Life Magazine, 7 January 1946, an article appeared entitled "American's are Losing the Victory in Europe":
http://www.jessicaswell.com/MT/archives/000872.html
These quotes all sound a little familiar.....
..."A tour of the beaten-up cities of Europe six months after victory is a mighty sobering experience for anyone. Europeans. Friend and foe alike, look you accusingly in the face and tell you how bitterly they are disappointed in you as an American. They cite the evolution of the word “liberation.” Before the Normandy landings it meant to be freed from the tyranny of the Nazis. Now it stands in the minds of the civilians for one thing, looting."
"The first winter of peace holds Europe in a deathly grip of cold, hunger and hopelessness. In the words of the London Sunday Observer: Europe is threatened by a catastrophe this winter which has no precedent since the Black Death of 1348. There are still more than 25,000,000 homeless people milling about Europe. In Warsaw nearly 1,000,000 live in holes in the ground. Six million building were destroyed in Russia. Rumania has her worst drought of 50 years, and in Greece fuel supplies are terribly low because the Nazis, during their occupation, decimated the forests. In Italy the wheat harvest, which was a meager 3,450,000 tons in 1944, fell to an unendurable 1,304,000 tons in 1945. In France, food consumption per day averages 1,800 calories as compared with 3,000 calories in the U.S.' "
And here's the kicker...
"We have swept away Hitlerism, but a great many Europeans feel that the cure has been worse than the disease."

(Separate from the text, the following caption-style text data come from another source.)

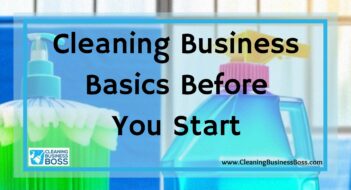 Cleaning Business Basics Before You Start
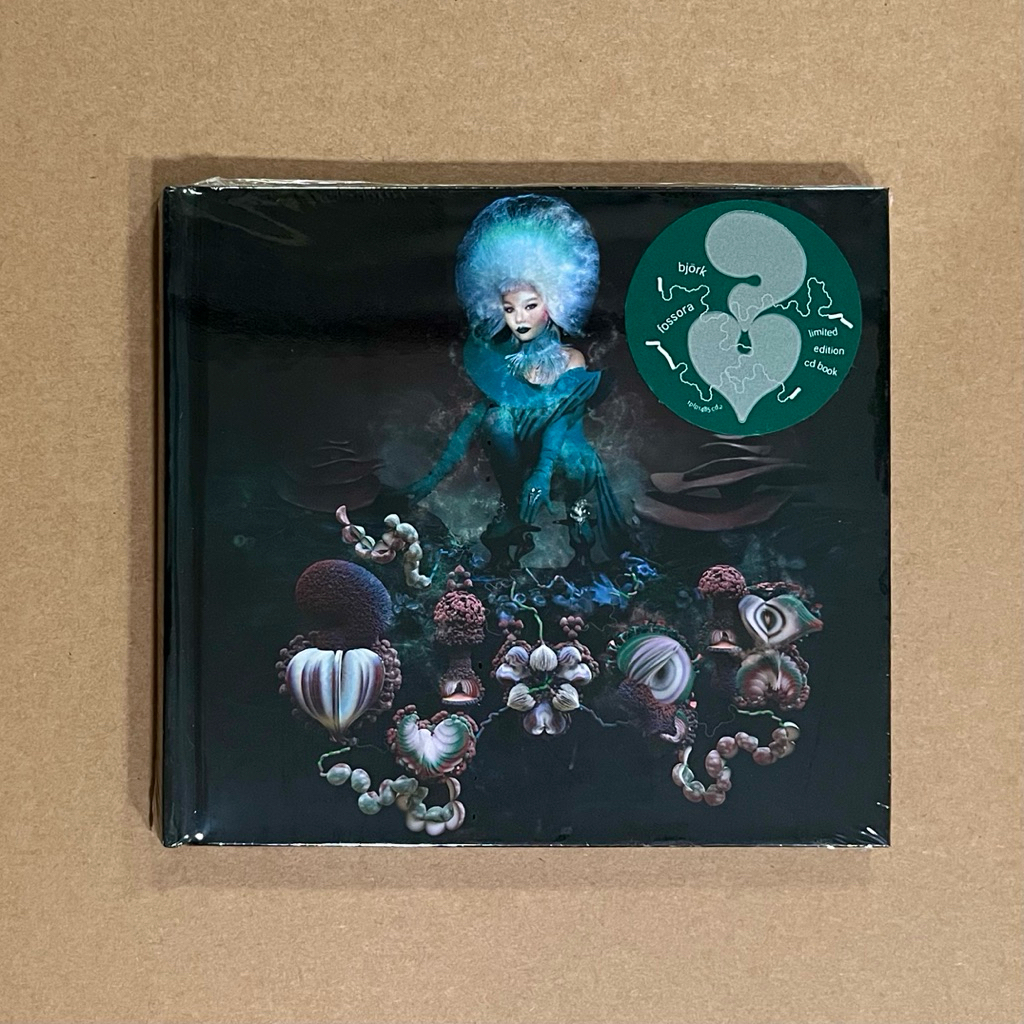 ซีดี Bjork - Fossora (CD Album)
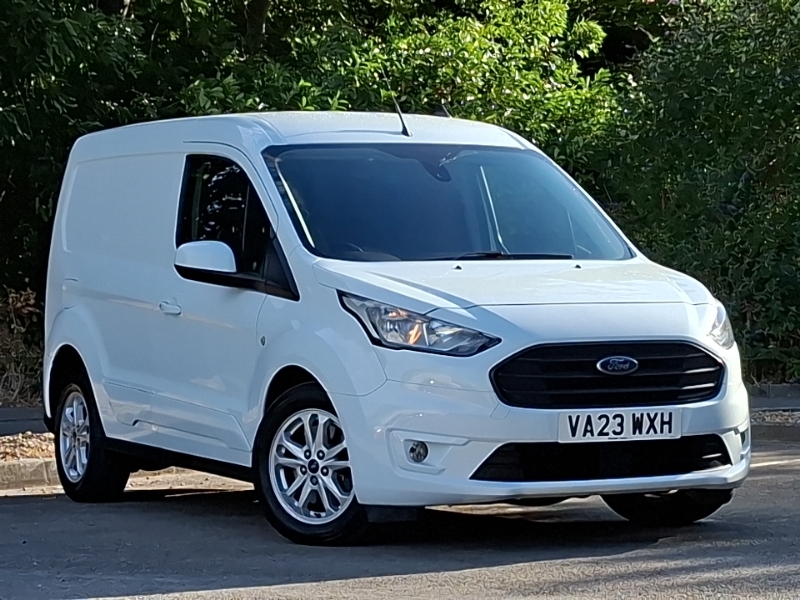 Ford Transit Connect 1.5 Ecoblue 100Ps Limited Van White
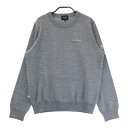 PEARLY GATES パーリーゲイツ ニット セーター グレー系 1 【中古】ゴルフウェア レディース
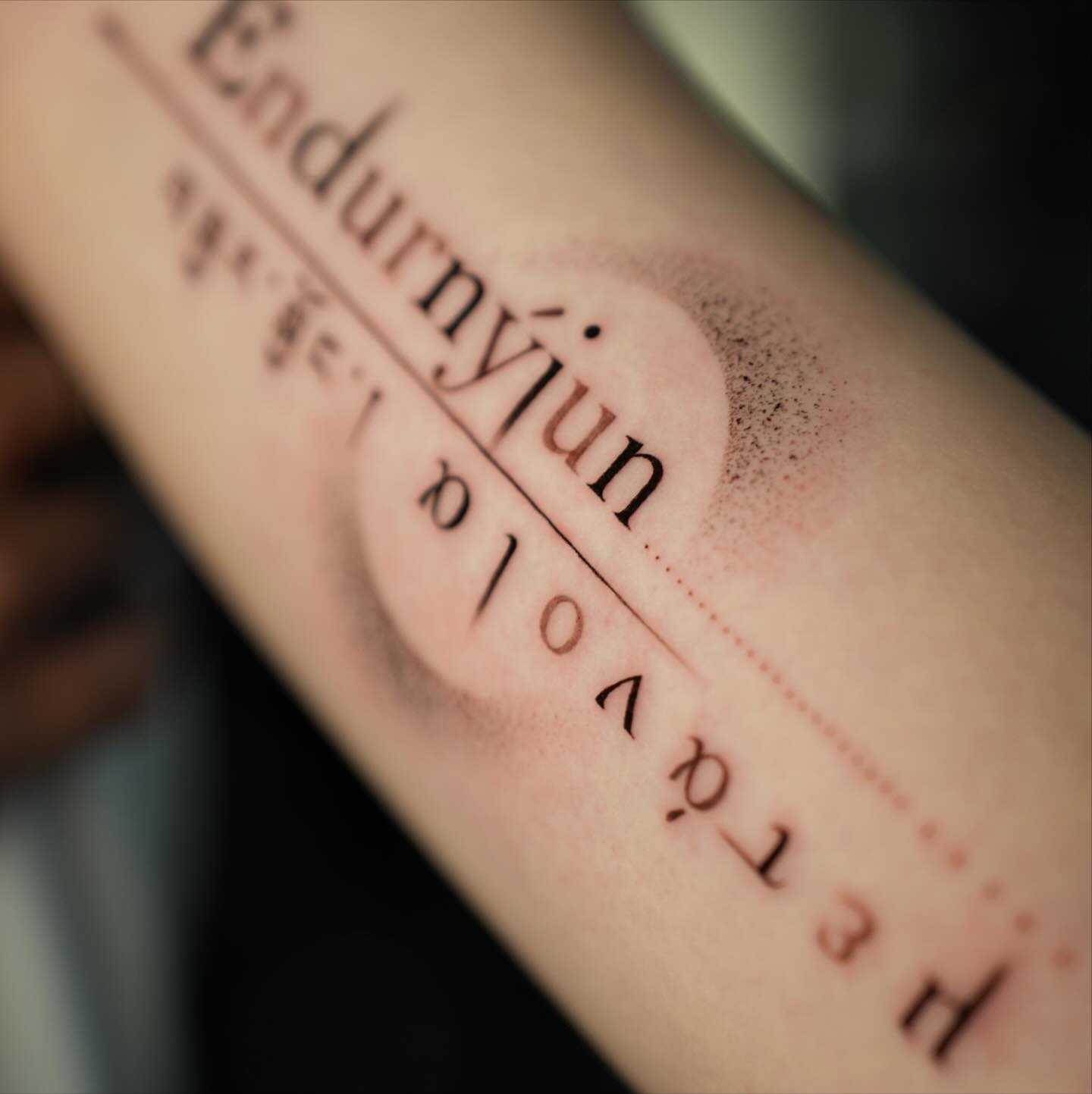 Lettering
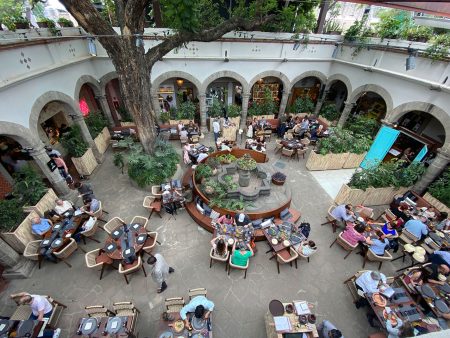 Oxa Restaurante, un romántico jardín en San Ángel que hace honor a la gastronomía mexicana 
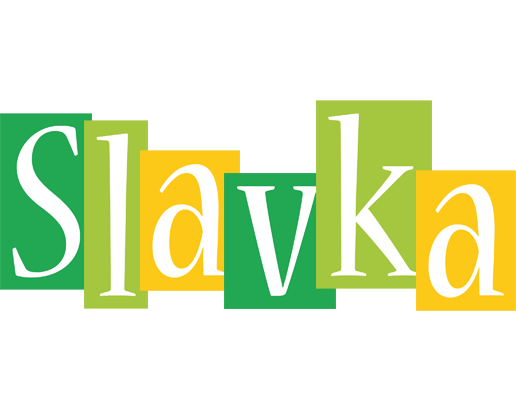 Slavka lemonade logo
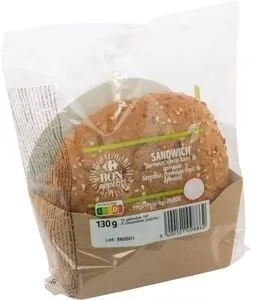 CAR Bun jambon Serrano fromage frais
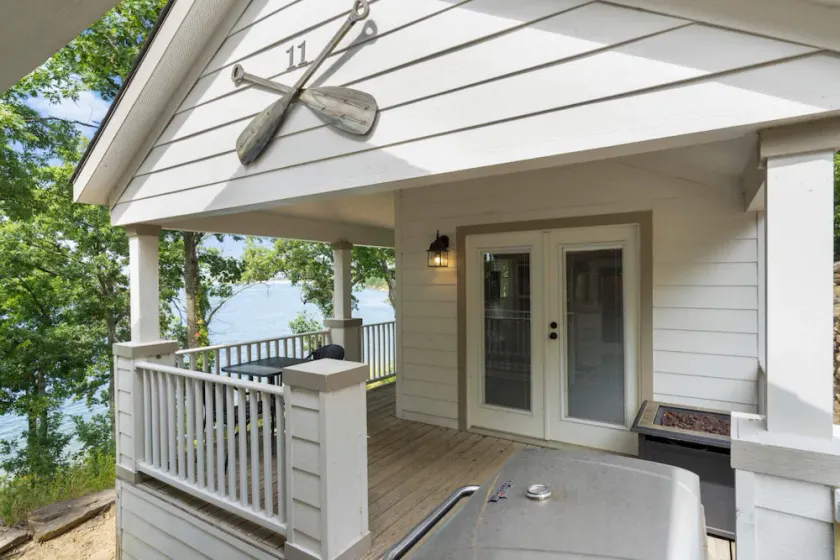 Studio Cottage auf dem Skiatook Lake! - Image 1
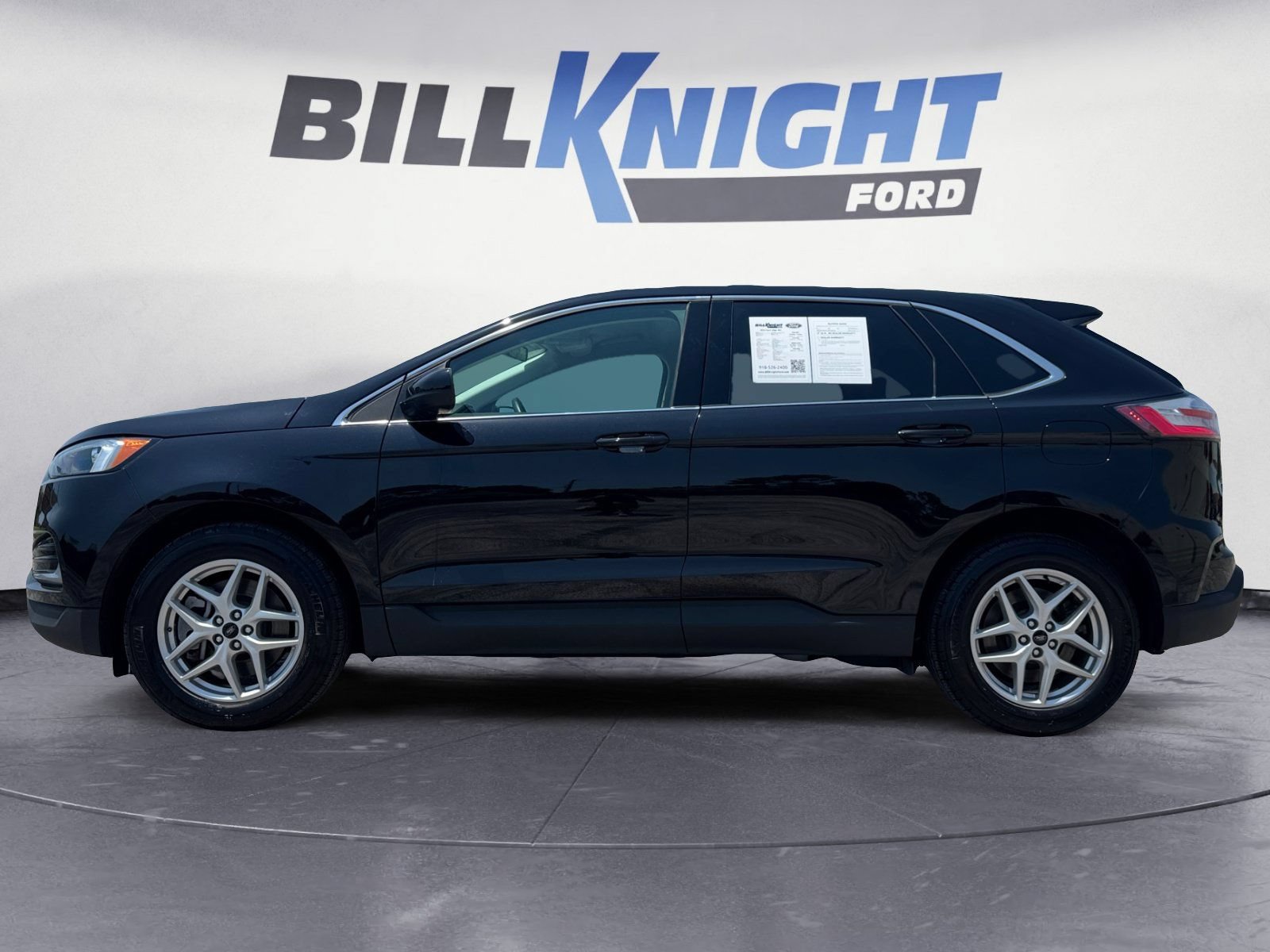 Certified 2023 Ford Edge SEL AWD/4WD image 2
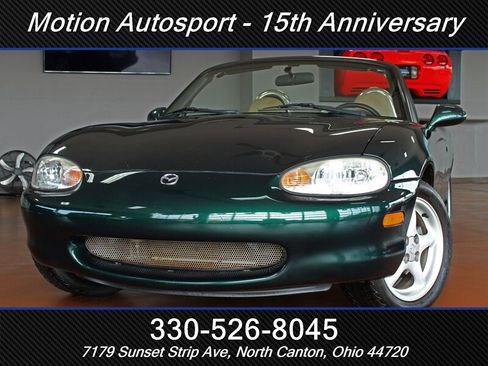 Used 1999 MAZDA MX-5 Miata RWD image 51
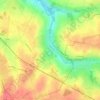 Artres topographic map, elevation, terrain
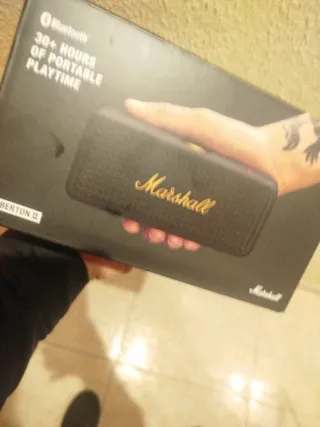 Altavoz Bluetooth Marshall - Modelo EBERTON II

Although, this may not be an exact parallel to the current state of affairs in Iraq, I think it illustrates the point that even after a clear Allied military victory in Europe in WW2, things weren't rosy right away.
Saying things are worse in Iraq now than they were this time last year is like saying a patient who is lying on the operating table in the middle of a surgery is in worse condition than he was before the surgeon cut him open.
History will have to judge. But 20 years from now, when (hopefully) Iraq is a successful democracy, people will probably say Bush had nothing to do with it anway, that Baathism and the Saddam regime were on the decline anyway and that democracy was inevitable.